In the first place, it's bloody expensive.  You have to build an enormous computer, with an enormous number of processing cores, and an enormous number of specialty statistical processing units, and enormous amounts of memory to store all of the data that your large language model is crunching on, and it requires enormous amounts of energy to run it all, and it requires enormous amounts of energy, and probably an awful lot of water, to take the waste heat away from your computers so that they don't fry themselves.

And you've now got competitors, chomping at your heels, and you can't waste time risking enormous amounts of money, even if you can get a lot of investors eager to give you that money, trying a new, and unproven, approach to building large language models, when you already have a large language model which is working, even if you don't know how well it's working.  So nobody is going to repeat all the work that they did in the first place, when they've got all this competition that they have to keep ahead of.  When they have a large language model, which they really don't understand, and they are trying desperately to figure out what the large language model is doing, so that they can fix some of the bugs in it, and make it work better.  Even if they don't really know how it works.

Okay, yes, you can probably argue that the competitors are, in fact, repeating what you're doing.  Except that they don't know what *they're* doing, either.  All of these companies have the generative artificial intelligence tiger by the tail, and they aren't really in charge of it.  Not until they can figure out what the heck it is doing.

I'm not sure that that counts as the "repeatable" stage of a maturity model.

And the third stage is "documented."  At the "documented" stage, you definitely *do* have to understand what you're doing, so that you can document what you are doing.  And yes, all of the general artificial intelligence companies are looking, as deeply as they can, as far as they can, into the large language model that they have produced, and are continuing, constantly, to enhance.  The thing is, while, yes, they are producing some documentation in this regard, it's definitely not the whole model that is completely documented.  Yes, they are starting to find out some interesting things about the large language models.  They are starting to find out, by analyzing the statistical model that the large language models are producing, what might be useful, and what might be creating problems.  But nobody's got a really good handle on this.  (The way you can tell that people really don't have a good handle on this, is that the large language model companies are spending so much money, all over the world, lobbying governments to try and prevent the governments from creating regulations to regulate generative artificial intelligence.
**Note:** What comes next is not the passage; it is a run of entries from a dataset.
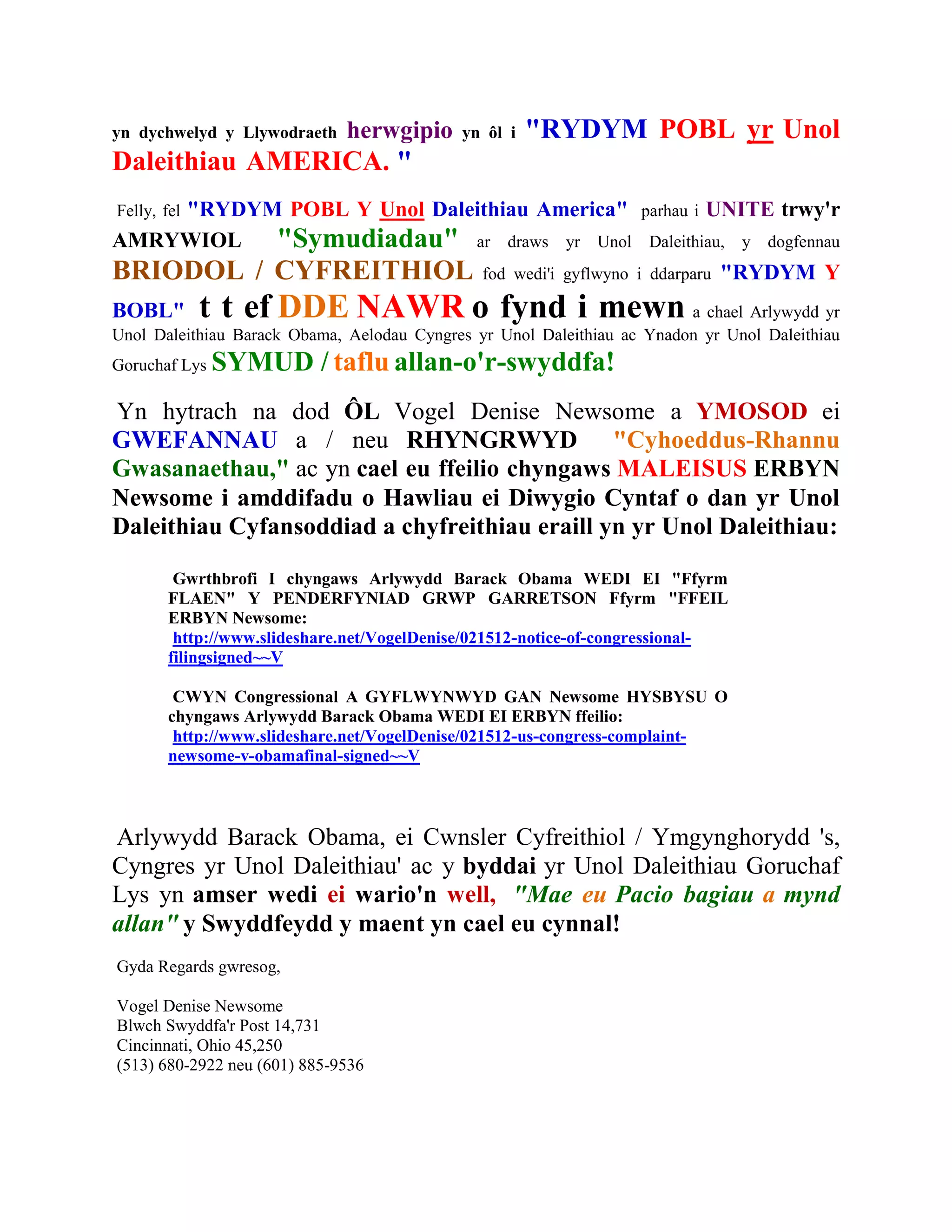 yn dychwelyd y Llywodraeth    herwgipio     yn ôl i   "RYDYM POBL yr Unol
Daleithiau AMERICA. "
    "RYDYM POBL Y Unol Daleithiau America"
Felly, fel                                                         parhau i   UNITE trwy'r
AMRYWIOL  "Symudiadau" ar draws yr Unol                             Daleithiau,   y dogfennau
BRIODOL / CYFREITHIOL                          fod wedi'i gyflwyno i ddarparu   "RYDYM Y
BOBL"        t t ef DDE NAWR o fynd i mewn                               a chael Arlywydd yr
Unol Daleithiau Barack Obama, Aelodau Cyngres yr Unol Daleithiau ac Ynadon yr Unol Daleithiau
Goruchaf Lys   SYMUD / taflu allan-o'r-swyddfa!
Yn hytrach na dod ÔL Vogel Denise Newsome a YMOSOD ei
GWEFANNAU a / neu RHYNGRWYD "Cyhoeddus-Rhannu
Gwasanaethau," ac yn cael eu ffeilio chyngaws MALEISUS ERBYN
Newsome i amddifadu o Hawliau ei Diwygio Cyntaf o dan yr Unol
Daleithiau Cyfansoddiad a chyfreithiau eraill yn yr Unol Daleithiau:

         Gwrthbrofi I chyngaws Arlywydd Barack Obama WEDI EI "Ffyrm
        FLAEN" Y PENDERFYNIAD GRWP GARRETSON Ffyrm "FFEIL
        ERBYN Newsome:
         http://www.slideshare.net/VogelDenise/021512-notice-of-congressional-
        filingsigned~~V

         CWYN Congressional A GYFLWYNWYD GAN Newsome HYSBYSU O
        chyngaws Arlywydd Barack Obama WEDI EI ERBYN ffeilio:
         http://www.slideshare.net/VogelDenise/021512-us-congress-complaint-
        newsome-v-obamafinal-signed~~V



Arlywydd Barack Obama, ei Cwnsler Cyfreithiol / Ymgynghorydd 's,
Cyngres yr Unol Daleithiau' ac y byddai yr Unol Daleithiau Goruchaf
Lys yn amser wedi ei wario'n well, "Mae eu Pacio bagiau a mynd
allan" y Swyddfeydd y maent yn cael eu cynnal!
Gyda Regards gwresog,

Vogel Denise Newsome
Blwch Swyddfa'r Post 14,731
Cincinnati, Ohio 45,250
(513) 680-2922 neu (601) 885-9536
 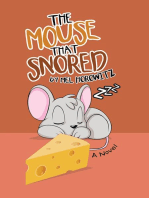 The Mouse That Snored: A Novel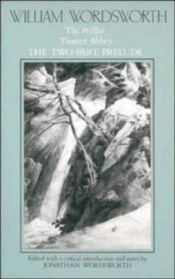 book cover of William Wordsworth: The Pedlar, Tintern Abbey, the Two-Part Prelude: 001 (Poems): 001 (Poems) by William Wordsworth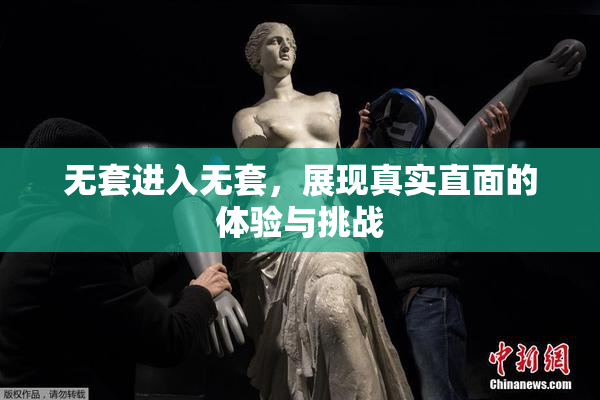 无套进入无套，展现真实直面的体验与挑战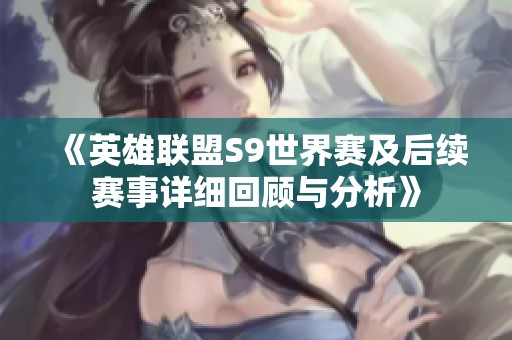 《英雄联盟S9世界赛及后续赛事详细回顾与分析》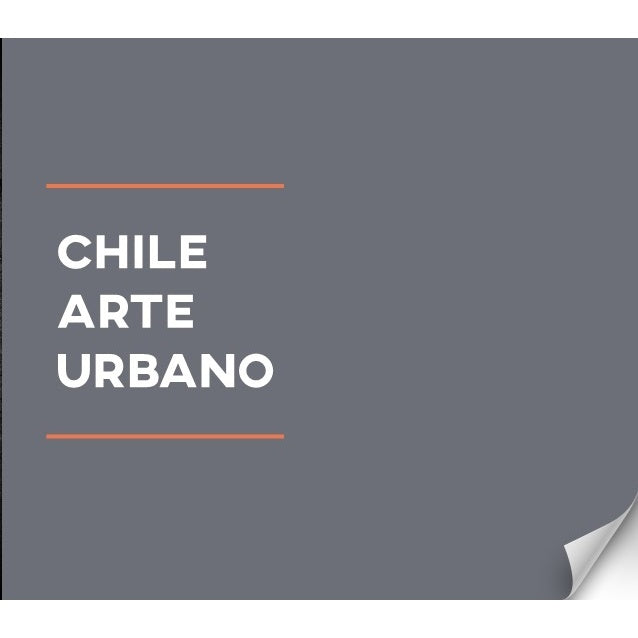 CHILE ARTE URBANO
If the genAI companies knew what they were doing, they would have some ideas on what kind of regulations are helpful, and what kind of regulations would help make the industry safer, and what kind of business and revenue regulations might affect.  But they don't actually know what they're doing, and therefore they are terrified that the governments might [probably accidentally] cut off a profitable revenue stream, or even just a potentially useful function for generative artificial intelligence.)

So, no.  You can't have an artificial intelligence capability maturity model.  Yet.  Because we don't know what generative artificial intelligence is.  Yet.